Biophysical characterization of connexin 32 and its association with human disease

Abstract

Gap junctions are intercellular channels that allow the direct transmission of ions, second messengers, and cellular metabolites between coupled cells. Connexin (Cx) genes encode gap junction proteins. The precise molecular mechanisms underlying voltage dependence of gap junction are largely unknown. Using electrophysiological measurements of wild type and mutants a more detailed picture for structure-function relations of gap junctions is provided. The rectification of the initial conductance-voltage relation of Cx32/Cx26 junctions corresponded to the rectification of single channel conductance. Charged amino acid residues located in the amino terminus and first extracellular loop were major determinants of the rectification of the Cx32/Cx26 channel. The current-voltage relations of wild type and mutant channels could be modeled with an electro-diffusive model (Poisson-Nemst-Plank equations). The rectification of the Cx32/26 channel results from the asymmetry in number and position of charged residues in the two connexins. Cx32 and Cx26 have opposite voltage-gating polarities due to a difference in the charge of the second amino acid. Negative charge substitutions of the second amino acid residue in Cx32 reverse the gating polarity of Cx32 hemichannels. To determine the stoichiometry of Vj-gating polarity reversal by negative charge substitution, a chimeric connexin was used. Heteromeric hemichannels comprised of wild-type and negatively charged mutant subunits display bipolar V j gating. The frequency of bipolar hemichannels observed correlates with the fraction of hemichannels that are expected to contain at least one oppositely charged connexin subunit, indicating that the movement of the voltage sensor in a single connexin subunit is sufficient to initiate Vj gating. Cx32 mutations have been shown to be responsible for X-linked form of Charcot-Marie-Tooth (CMTX) disease.

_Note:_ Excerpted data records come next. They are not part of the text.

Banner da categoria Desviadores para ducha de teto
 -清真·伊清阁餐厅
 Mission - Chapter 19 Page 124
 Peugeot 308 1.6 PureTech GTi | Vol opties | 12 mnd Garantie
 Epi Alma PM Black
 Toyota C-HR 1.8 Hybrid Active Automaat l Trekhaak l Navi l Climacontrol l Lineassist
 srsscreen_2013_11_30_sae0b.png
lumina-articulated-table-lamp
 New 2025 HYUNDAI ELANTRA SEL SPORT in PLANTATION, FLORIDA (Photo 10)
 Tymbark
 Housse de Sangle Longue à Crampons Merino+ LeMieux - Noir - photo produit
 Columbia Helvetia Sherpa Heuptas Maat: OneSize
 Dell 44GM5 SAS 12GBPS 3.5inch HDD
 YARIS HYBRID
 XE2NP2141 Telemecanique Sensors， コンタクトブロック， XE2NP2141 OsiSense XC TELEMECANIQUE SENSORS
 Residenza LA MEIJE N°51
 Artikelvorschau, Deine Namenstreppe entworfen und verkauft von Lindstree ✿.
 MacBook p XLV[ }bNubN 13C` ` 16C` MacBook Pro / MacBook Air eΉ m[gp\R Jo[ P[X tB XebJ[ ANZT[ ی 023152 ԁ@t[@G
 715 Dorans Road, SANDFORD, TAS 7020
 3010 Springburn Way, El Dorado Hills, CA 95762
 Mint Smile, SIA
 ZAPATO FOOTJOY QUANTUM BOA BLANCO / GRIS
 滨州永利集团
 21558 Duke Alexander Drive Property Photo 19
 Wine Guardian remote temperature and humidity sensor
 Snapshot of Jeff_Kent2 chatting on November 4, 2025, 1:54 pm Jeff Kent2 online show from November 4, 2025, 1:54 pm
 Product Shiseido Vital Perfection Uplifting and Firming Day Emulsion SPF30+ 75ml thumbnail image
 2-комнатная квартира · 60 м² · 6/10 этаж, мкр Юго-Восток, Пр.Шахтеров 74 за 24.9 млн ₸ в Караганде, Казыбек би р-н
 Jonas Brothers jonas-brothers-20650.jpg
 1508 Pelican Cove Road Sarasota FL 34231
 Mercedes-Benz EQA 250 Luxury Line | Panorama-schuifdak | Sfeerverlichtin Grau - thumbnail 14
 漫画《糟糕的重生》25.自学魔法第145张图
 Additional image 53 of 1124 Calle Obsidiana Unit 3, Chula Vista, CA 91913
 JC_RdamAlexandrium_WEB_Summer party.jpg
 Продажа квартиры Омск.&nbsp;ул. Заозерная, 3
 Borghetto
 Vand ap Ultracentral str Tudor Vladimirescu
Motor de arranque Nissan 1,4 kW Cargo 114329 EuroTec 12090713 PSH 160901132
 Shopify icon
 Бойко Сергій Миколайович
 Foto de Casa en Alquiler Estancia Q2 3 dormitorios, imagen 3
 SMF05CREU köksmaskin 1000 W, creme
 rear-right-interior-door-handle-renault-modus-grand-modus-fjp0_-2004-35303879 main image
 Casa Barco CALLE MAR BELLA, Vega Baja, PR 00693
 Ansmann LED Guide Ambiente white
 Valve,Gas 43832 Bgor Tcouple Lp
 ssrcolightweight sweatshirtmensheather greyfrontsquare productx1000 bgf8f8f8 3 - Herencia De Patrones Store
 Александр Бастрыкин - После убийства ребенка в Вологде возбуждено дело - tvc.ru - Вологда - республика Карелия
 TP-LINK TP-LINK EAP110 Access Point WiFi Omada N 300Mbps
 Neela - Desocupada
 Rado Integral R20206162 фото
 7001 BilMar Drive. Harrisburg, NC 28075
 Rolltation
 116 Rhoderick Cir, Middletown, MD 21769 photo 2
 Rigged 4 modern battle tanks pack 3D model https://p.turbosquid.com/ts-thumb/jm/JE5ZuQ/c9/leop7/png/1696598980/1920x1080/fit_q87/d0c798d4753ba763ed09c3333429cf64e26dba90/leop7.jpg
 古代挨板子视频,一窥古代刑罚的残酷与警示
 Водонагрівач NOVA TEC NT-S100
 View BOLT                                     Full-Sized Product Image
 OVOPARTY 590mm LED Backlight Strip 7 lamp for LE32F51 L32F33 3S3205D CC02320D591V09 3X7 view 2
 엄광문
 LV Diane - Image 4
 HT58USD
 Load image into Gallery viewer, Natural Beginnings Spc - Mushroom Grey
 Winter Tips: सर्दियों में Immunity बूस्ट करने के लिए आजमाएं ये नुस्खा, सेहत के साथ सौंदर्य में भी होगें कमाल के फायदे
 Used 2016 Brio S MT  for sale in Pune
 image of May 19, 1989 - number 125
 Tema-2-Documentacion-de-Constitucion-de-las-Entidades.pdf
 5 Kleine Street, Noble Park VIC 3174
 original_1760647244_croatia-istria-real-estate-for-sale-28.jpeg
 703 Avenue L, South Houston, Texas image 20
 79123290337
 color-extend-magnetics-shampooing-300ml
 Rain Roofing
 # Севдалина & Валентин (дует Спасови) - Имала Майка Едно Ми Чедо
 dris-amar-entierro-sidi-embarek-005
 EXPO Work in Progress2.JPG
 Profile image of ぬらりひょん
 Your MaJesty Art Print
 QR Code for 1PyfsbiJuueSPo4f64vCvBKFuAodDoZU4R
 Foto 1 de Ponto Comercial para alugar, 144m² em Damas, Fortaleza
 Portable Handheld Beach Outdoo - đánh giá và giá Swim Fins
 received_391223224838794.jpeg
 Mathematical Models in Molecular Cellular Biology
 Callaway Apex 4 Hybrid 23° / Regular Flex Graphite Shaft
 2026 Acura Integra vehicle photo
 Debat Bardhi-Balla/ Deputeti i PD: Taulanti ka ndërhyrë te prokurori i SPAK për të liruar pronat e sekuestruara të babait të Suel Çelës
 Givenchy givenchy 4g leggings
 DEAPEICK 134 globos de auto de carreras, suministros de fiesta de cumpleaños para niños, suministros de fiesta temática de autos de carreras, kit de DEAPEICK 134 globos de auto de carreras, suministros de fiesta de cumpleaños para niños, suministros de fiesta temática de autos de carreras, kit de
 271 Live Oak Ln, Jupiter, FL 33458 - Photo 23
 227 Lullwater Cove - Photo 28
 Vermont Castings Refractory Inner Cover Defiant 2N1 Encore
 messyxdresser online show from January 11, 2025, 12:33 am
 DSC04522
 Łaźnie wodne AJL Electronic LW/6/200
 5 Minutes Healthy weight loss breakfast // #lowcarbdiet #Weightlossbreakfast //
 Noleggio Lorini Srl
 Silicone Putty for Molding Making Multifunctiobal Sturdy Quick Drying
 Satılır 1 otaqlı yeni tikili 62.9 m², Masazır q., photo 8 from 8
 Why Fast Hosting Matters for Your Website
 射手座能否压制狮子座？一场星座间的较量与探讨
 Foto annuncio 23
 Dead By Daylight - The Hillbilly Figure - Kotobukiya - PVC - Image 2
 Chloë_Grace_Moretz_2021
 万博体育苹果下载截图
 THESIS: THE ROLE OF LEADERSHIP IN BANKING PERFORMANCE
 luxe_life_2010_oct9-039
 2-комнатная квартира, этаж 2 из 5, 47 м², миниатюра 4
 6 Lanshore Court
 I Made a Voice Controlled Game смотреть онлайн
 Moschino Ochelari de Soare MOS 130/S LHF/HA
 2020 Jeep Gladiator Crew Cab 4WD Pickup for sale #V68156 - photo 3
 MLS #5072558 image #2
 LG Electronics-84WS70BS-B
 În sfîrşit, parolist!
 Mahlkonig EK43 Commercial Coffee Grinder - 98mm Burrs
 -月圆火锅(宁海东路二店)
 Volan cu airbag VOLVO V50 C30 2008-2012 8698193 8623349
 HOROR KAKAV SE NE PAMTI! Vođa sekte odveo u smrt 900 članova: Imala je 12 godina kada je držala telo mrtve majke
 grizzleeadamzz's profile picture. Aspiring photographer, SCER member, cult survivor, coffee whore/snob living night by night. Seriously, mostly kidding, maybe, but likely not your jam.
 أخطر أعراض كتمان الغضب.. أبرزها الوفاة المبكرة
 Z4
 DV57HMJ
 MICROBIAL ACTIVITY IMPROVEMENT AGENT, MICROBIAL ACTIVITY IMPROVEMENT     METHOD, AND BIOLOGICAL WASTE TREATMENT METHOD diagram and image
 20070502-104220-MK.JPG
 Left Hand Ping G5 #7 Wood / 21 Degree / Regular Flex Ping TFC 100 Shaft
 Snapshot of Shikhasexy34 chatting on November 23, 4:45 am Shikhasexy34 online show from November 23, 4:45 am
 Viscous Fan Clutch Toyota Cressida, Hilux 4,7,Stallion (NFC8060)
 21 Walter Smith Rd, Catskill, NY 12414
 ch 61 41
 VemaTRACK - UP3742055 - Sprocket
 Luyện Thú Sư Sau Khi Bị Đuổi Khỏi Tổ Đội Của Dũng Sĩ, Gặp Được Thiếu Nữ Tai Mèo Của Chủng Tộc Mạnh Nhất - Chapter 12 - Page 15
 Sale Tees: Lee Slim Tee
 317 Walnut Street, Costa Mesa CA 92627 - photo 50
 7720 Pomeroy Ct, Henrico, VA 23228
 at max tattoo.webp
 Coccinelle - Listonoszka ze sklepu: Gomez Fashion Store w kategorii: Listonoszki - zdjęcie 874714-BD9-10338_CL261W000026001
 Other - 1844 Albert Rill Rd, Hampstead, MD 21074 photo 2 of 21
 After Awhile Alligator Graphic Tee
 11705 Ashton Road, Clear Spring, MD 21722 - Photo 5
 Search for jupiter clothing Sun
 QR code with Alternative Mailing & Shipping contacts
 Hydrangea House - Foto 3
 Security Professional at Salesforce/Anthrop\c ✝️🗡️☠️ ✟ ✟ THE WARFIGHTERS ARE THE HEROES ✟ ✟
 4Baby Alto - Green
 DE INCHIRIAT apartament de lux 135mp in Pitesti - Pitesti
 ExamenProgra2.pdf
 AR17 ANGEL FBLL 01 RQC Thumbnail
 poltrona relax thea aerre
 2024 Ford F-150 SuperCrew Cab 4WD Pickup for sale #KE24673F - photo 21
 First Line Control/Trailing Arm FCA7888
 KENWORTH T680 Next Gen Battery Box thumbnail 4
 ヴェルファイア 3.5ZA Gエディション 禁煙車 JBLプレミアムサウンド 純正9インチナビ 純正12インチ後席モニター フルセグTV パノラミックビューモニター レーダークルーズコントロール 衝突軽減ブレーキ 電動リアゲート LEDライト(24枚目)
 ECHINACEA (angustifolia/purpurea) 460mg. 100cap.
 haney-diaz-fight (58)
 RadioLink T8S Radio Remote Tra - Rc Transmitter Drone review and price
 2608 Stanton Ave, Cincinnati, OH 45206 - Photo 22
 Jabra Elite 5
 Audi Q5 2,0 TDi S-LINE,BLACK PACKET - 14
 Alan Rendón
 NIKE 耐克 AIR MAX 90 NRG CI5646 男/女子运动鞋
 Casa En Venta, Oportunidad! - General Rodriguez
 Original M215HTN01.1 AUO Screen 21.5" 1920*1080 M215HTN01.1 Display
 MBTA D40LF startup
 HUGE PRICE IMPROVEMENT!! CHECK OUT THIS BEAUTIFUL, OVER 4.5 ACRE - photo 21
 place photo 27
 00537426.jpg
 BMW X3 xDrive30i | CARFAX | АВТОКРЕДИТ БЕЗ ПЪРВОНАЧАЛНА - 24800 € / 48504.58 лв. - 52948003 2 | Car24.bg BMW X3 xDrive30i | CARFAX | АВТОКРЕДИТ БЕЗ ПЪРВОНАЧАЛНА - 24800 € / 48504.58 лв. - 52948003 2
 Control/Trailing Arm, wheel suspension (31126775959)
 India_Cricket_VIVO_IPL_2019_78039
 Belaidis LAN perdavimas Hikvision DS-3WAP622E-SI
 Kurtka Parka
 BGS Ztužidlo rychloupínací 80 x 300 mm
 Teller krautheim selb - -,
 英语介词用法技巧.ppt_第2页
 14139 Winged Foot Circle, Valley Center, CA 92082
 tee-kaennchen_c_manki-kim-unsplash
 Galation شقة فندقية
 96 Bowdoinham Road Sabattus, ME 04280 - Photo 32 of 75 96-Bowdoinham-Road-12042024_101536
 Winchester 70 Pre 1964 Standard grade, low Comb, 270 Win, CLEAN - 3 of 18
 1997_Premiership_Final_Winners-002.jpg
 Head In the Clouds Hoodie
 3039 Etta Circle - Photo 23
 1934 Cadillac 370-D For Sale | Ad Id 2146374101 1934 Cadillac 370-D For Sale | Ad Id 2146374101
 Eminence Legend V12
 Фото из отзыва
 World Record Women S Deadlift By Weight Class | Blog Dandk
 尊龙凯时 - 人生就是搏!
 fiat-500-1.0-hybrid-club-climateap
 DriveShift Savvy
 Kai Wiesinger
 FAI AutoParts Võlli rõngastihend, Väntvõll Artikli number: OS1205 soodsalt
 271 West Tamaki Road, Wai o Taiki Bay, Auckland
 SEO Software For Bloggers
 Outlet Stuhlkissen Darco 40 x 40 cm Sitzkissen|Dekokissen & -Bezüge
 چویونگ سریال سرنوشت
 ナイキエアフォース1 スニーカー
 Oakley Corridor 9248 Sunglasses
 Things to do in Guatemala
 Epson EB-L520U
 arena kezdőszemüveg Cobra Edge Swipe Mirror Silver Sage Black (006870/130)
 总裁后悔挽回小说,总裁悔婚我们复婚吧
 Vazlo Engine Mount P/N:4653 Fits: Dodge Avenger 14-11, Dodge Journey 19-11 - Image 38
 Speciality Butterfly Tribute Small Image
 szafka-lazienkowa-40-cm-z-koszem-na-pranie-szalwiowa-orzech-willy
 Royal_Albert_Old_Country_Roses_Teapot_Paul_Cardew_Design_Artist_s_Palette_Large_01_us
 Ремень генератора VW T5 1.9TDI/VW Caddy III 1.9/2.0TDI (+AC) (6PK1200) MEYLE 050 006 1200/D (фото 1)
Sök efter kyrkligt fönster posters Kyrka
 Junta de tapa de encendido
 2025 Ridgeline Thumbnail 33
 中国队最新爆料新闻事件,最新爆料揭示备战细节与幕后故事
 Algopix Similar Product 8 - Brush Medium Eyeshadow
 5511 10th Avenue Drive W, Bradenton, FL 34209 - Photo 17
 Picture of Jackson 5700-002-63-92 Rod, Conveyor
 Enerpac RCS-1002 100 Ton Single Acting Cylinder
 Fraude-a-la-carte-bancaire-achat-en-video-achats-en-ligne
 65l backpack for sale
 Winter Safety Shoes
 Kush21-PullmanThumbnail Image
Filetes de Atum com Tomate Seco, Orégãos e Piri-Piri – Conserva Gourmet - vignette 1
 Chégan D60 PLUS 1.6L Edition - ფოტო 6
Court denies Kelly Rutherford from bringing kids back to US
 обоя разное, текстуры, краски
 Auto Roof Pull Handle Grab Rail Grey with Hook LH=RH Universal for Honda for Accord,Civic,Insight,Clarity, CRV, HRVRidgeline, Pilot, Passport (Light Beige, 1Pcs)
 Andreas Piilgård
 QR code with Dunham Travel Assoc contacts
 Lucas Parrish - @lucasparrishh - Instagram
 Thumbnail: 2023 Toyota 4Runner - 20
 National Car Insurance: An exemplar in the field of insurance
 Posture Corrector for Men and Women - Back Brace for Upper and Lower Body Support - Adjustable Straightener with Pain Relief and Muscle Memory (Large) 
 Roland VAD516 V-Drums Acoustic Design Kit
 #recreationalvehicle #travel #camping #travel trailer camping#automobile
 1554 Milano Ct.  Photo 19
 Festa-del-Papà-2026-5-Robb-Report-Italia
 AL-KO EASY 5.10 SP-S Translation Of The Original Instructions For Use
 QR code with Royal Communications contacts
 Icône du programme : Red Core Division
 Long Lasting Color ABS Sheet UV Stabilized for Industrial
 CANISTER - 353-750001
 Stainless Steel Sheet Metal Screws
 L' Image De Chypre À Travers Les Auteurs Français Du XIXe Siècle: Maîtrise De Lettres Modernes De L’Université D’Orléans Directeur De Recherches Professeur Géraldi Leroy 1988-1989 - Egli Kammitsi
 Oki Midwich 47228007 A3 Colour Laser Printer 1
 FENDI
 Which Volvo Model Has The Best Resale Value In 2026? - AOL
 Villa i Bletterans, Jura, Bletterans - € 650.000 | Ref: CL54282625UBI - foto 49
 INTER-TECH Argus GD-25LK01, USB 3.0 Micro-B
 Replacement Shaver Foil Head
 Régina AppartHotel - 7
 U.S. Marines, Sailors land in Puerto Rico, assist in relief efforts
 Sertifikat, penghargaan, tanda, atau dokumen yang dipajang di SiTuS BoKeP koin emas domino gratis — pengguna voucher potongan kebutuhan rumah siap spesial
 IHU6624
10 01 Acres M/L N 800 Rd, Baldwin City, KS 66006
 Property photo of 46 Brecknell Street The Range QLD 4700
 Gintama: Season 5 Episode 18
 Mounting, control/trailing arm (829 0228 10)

To examine the molecular basis for loss-of-function mutations, nine CMTX mutations were tested. Mutations formed intercellular channel when expressed in Xenopus-oocytes. Single-channel studies demonstrate reduced junctional permeability caused by a decrease in either pore size (S26L) or open channel probability (M34T). It is proposed that the attenuation of cAMP signaling resulting from a decrease in permeation through the reflexive pathway formed by mutant channels may impair normal glial-neuronal interactions and thereby cause demyelination and axonal degeneration.